Estoński CIT w obowiązującym obecnie kształcie dedykowany jest małym i średnim spółkom kapitałowym – spółkom z o.o., akcyjnym oraz prostym spółkom akcyjnym. Podmioty, które chciałyby skorzystać z tego mechanizmu muszą dodatkowo spełnić szereg wymogów. Przykładowo na estoński CIT mogą postawić przedsiębiorstwa, które jednocześnie nie osiągają przychodów przekraczających kwotę 100 milionów złotych rocznie. Ich udziałowcami mogą być wyłącznie osoby fizyczne. Spółka nie może posiadać udziałów w innych podmiotach. Przedsiębiorstwo musi zatrudniać co najmniej trzy osoby z wyłączeniem udziałowców. Ponadto, przychody pasywne tego podmiotu nie mogą przewyższać przychodów z działalności operacyjnej. Finalnie natomiast spółka musi ponosić nakłady inwestycyjne. Wszystkie kryteria trzeba przy tym spełnić łącznie.
Początkowa porażka estońskiego CIT-u
W pierwszym kwartale 2021 r., czyli w ciągu pierwszych trzech miesięcy obowiązywania estońskiego CIT-u, na ten mechanizm zdecydowało się zaledwie 337 firm. Założeniem było natomiast uzyskanie co najmniej poziomu 200 tysięcy przedsiębiorstw. Właśnie dlatego Ministerstwo Finansów postanowiło opracować dalsze uproszczenia, które zachęciłyby do skorzystania z estońskiego CIT-u większą grupę podatników. Modyfikacja obecnie obowiązujących regulacji stanowi część tak zwanego Polskiego Ładu. Najpewniej zatem zmiany wejdą w życie już w 2022 roku. Nowa wersja estońskiego CIT-u przede wszystkim poszerzy katalog podmiotów, które będą mogły z niego skorzystać. Poza spółkami kapitałowymi tę formę będą mogły wybrać także spółki komandytowe i komandytowo-akcyjne pod określonymi warunkami. Zdecydowanie uproszczone zostaną również wymogi, jakie powinny spełniać przedsiębiorstwa decydujące się na estoński CIT.

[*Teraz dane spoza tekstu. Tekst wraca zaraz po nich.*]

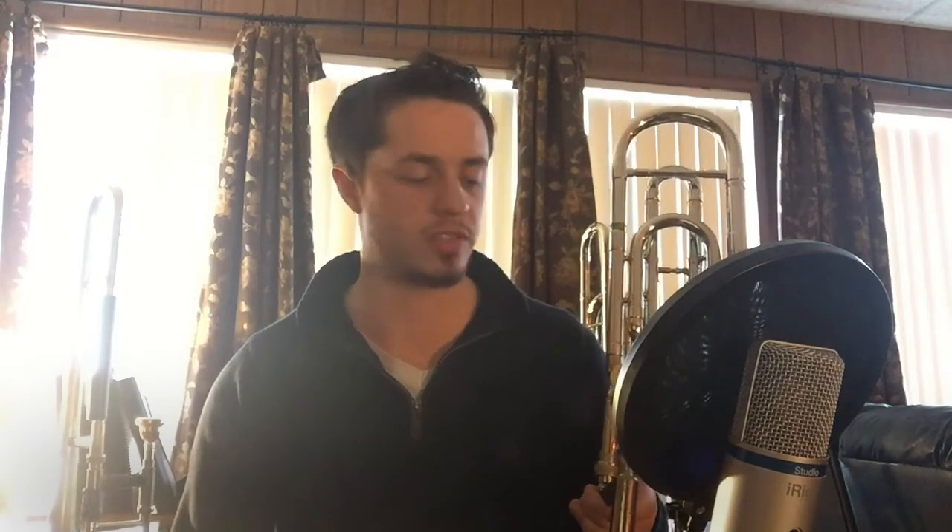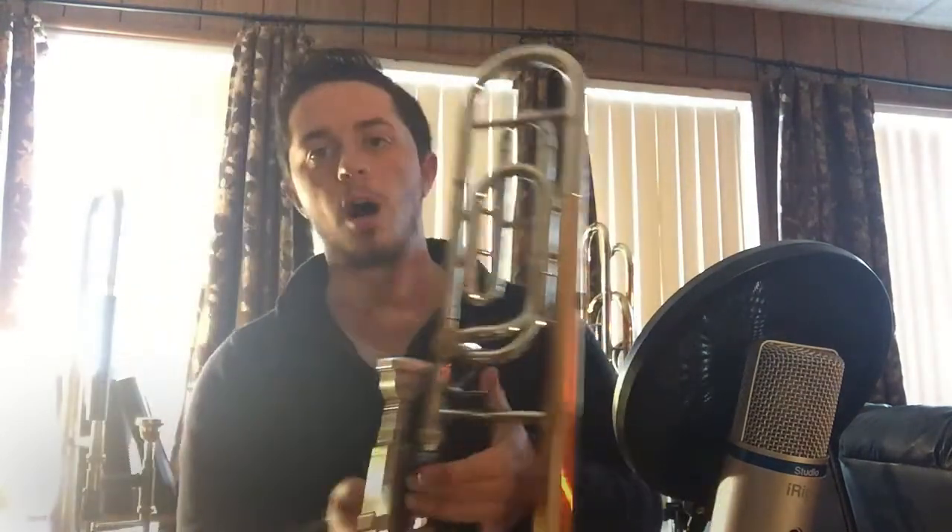There are two mouthpieces I use with this horn. I have a standard Vincent Bach 5G here, which I usually don't use — I accidentally put this one on. I usually play on a gold-plated 5G Megatone Vincent Bach mouthpiece for this horn, but sometimes if I'm playing first trombone I'll use the standard one instead. This is an F attachment, so if I push it down I have a C and B-flat in first position. I'm going to play a little bit so you can hear what it sounds like.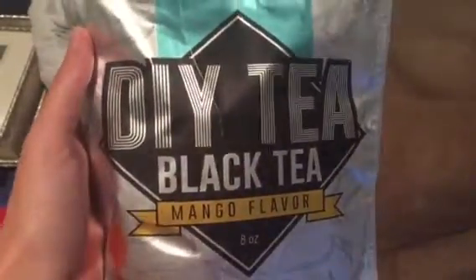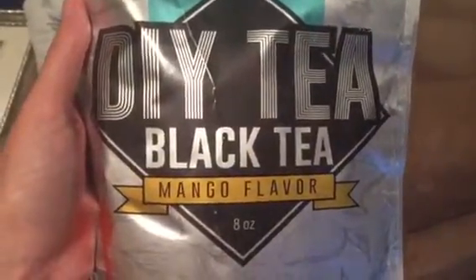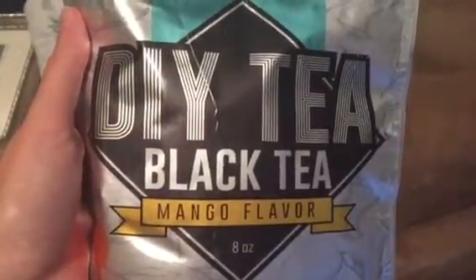Hello everyone. I recently got this DIY tea — black tea, mango flavor — either for free or at a discount, but this is my honest and unbiased review. I really liked the fact that it came with a tea infuser, as it meant I could make it right away and not have to get any sort of special equipment in order to make it.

Estoński CIT na nowych zasadach
Nowy estoński CIT nie będzie wymagał utrzymania limitu przychodów poniżej 100 milionów złotych. Uchylony zostanie również przepis, nakładający na przedsiębiorców obowiązek ponoszenia nakładów inwestycyjnych. Poza tym wprowadzono pewne dodatkowe ułatwienia. W szczególności spółki stosujące estoński CIT będą mogły rozliczać VAT kwartalnie, o ile tylko ich wartość sprzedaży nie przekroczy w poprzednim roku podatkowym kwoty 4 milionów euro. Obniżone zostaną też same stawki podatku. Dzisiaj przedsiębiorcy rozliczają się według stawki 15 lub 10 procent dla małych podatników oraz 25 lub 20 dla dużych podatników. Po wejściu w życie przepisów Polskiego Ładu stawki zostaną ujednolicone – do 10 procent dla małych przedsiębiorstw oraz 20 dla dużych. Warto też wspomnieć o tym, że na mocy nowej regulacji wspólnik otrzymujący dywidendę będzie mógł obniżyć należny PIT o 70 lub 90 procent zapłaconego CIT. Dzisiaj też funkcjonują pewne odliczenia, ale nie są tak korzystne.
Kto zyska na nowej konstrukcji estońskiego CIT-u?
Według różnych szacunków konstrukcja estońskiego CIT-u stanie się bardzo korzystna przede wszystkim dla firm działających w branży deweloperskiej. Podmioty opierające się na konstrukcji spółek, w tym komandytowych, akcyjnych, z o.o. oraz zatrudniające pracowników mogą odczuć znaczące korzyści. Najpewniej nowa forma estońskiego CIT-u skusi też przedsiębiorstwa działające w branży handlowej ze względu na wykluczenie opodatkowania podatkiem minimalnym. W pewnych sytuacjach mechanizm estońskiego CIT-u może też stać się alternatywą dla podmiotów, które myślą o skorzystaniu ze zwolnienia z CIT w ramach Polskiej Strefy Inwestycji (PSI). Estoński CIT nie nakłada bowiem na te przedsiębiorstwa tak wiele wymogów jak PSI. Należy jednak stwierdzić, że dla wielu przedsiębiorców estoński CIT po zmianach nadal może wydawać się dość skomplikowany. System obwarowany jest bowiem dużą liczbą dodatkowych obostrzeń, które nie są przejrzyste dla przeciętnego podatnika.